I think the two Supreme Court decisions will be similar in effect. They are not, to be sure, administration decisions. But that is not the point. The real question is whether the Bush administration and the Republican Party more broadly will continue to contest these issues or simply let them go.

We should start with the composition of the Supreme Court itself. Seven of its nine members were appointed by Republican presidents. Three of those, of course -- Chief Justice Rehnquist and Justices Scalia and Thomas -- are consistently "conservative," whether one takes that term in the popular sense of right-leaning or more properly in the sense of embracing a constitutionally circumscribed view of what the Supreme Court should be deciding. But why aren't there seven conservatives on the court? The answer is that even staunchly conservative presidents have a very difficult time figuring out what their appointees will do once they get life tenure on the bench and final say on important matters of law and policy.
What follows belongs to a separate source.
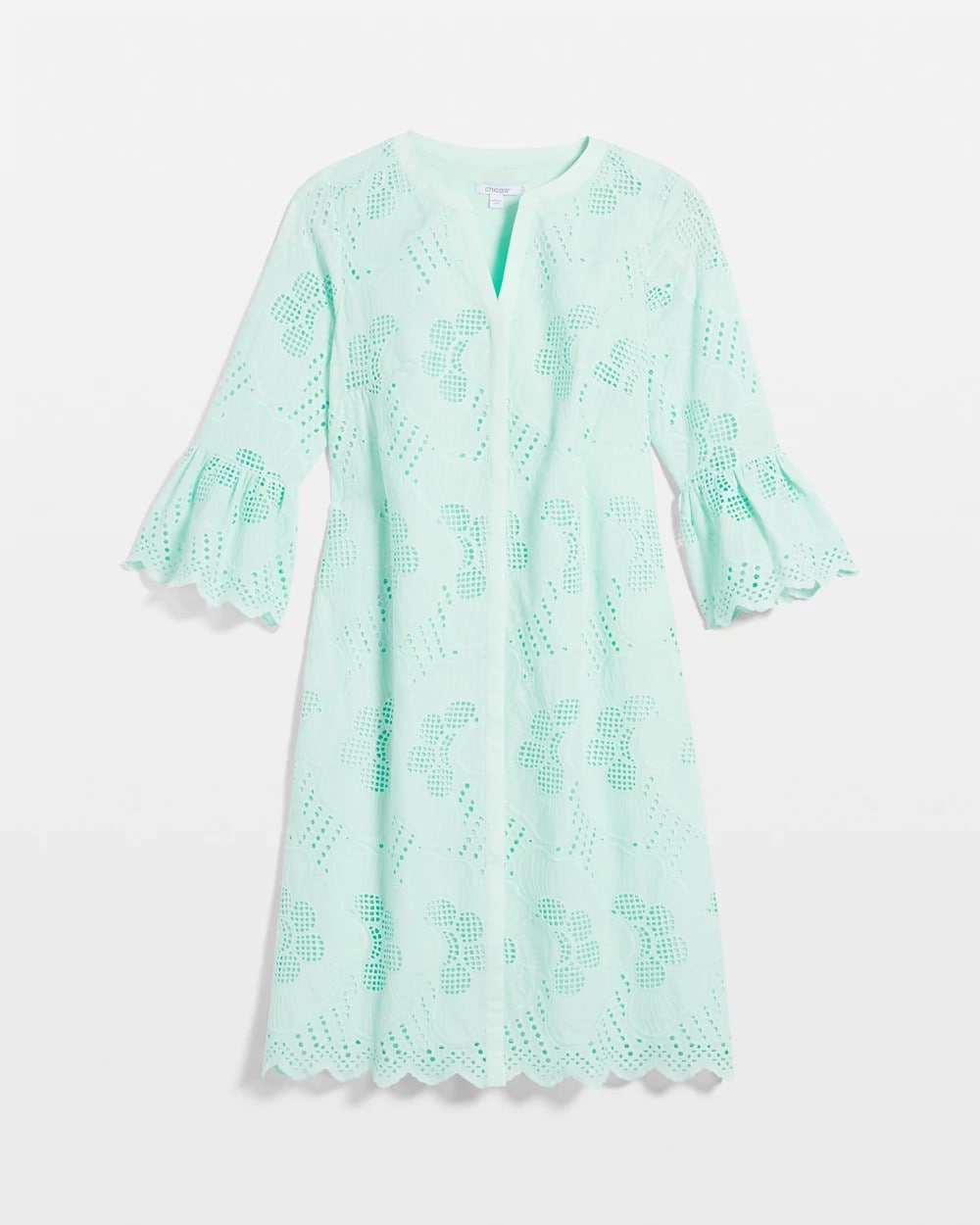 Chico's Clothing Eyelet Cotton Voile Dress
Far be it from me to suggest that partisan politics has an effect on Supreme Court decisions. Nevertheless, it's a Republican Supreme Court. The divisions among its GOP appointees actually reflect what is for many conservatives the uncomfortable fact that, while their positions command majority support within the GOP, it's not unanimous.

Second, the coalition politics within the GOP will shift as a result of the two decisions. In the case of gay rights, social conservatives long ago found it prudent to give up the public rhetoric of moral opposition to homosexuality. You can tell how true that is from the acute embarrassment felt within the party whenever one of its members breaches this understanding, as Sen. Rick Santorum did earlier this year. The only question fit for public debate, even in the eyes of those opposed to gay rights, was whether the Supreme Court as opposed to elected officials should be deciding on whether you can ban sodomy.

Well, the court decided that it would decide. And that's that. It seems inconceivable that a future Supreme Court will reverse itself, and anyone urging such a course would thereby marginalize himself. Before the issue is settled, such positions may entail a measure of coalition support. Afterward, no.

The same is likely true of "diversity." Diversity has actually been a settled issue in corporate America and the private sector more broadly for years: It doesn't really have any public detractors. Accordingly, again, conservatives narrowed the focus of their argument to the question of whether the government (and only government, the private sector being on principle free to make up its own mind) should embrace diversity at the expense of its traditional focus on the rights of individuals. Opponents pointed to the supposed social costs of doing so, and they drew some principled support. But that was then: Who now will stand up to propose that a future Supreme Court reverse itself and declare that diversity is not a compelling interest of government? No one with serious political ambitions within the GOP.

Democrats will continue to run against Republicans as if the latter were still contesting social issues. But increasingly, Republicans will find it convenient to repair to a "principle" of pragmatism: These issues have been decided.